## What is required
Reproduce exactly, and exclusively, the lines from the line containing "Gimnazijalci: Bojkot nastave nedelju dana" through the final line of the listing below.

● ● ● ● ●

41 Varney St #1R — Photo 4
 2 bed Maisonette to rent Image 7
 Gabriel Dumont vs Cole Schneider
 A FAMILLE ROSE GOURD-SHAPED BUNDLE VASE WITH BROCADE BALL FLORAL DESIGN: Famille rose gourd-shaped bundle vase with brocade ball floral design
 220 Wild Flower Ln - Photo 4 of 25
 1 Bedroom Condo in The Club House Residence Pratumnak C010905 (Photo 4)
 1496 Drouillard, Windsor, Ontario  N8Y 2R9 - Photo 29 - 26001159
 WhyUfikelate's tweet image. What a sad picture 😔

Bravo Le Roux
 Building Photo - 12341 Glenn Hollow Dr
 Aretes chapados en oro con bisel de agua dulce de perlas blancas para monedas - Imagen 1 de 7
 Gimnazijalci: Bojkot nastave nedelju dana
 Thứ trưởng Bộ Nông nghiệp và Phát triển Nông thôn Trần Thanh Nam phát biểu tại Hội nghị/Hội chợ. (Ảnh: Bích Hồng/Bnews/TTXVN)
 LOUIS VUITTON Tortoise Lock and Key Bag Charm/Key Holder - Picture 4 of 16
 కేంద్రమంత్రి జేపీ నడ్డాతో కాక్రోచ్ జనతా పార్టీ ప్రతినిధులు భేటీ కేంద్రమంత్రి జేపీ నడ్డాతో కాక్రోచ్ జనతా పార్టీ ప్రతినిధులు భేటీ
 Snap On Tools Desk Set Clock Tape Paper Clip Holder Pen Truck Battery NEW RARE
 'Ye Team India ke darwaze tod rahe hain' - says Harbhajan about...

● ● ● ● ●

## Task solution
 Gimnazijalci: Bojkot nastave nedelju dana
 Thứ trưởng Bộ Nông nghiệp và Phát triển Nông thôn Trần Thanh Nam phát biểu tại Hội nghị/Hội chợ. (Ảnh: Bích Hồng/Bnews/TTXVN)
 LOUIS VUITTON Tortoise Lock and Key Bag Charm/Key Holder - Picture 4 of 16
 కేంద్రమంత్రి జేపీ నడ్డాతో కాక్రోచ్ జనతా పార్టీ ప్రతినిధులు భేటీ కేంద్రమంత్రి జేపీ నడ్డాతో కాక్రోచ్ జనతా పార్టీ ప్రతినిధులు భేటీ
 Snap On Tools Desk Set Clock Tape Paper Clip Holder Pen Truck Battery NEW RARE
 'Ye Team India ke darwaze tod rahe hain' - says Harbhajan about...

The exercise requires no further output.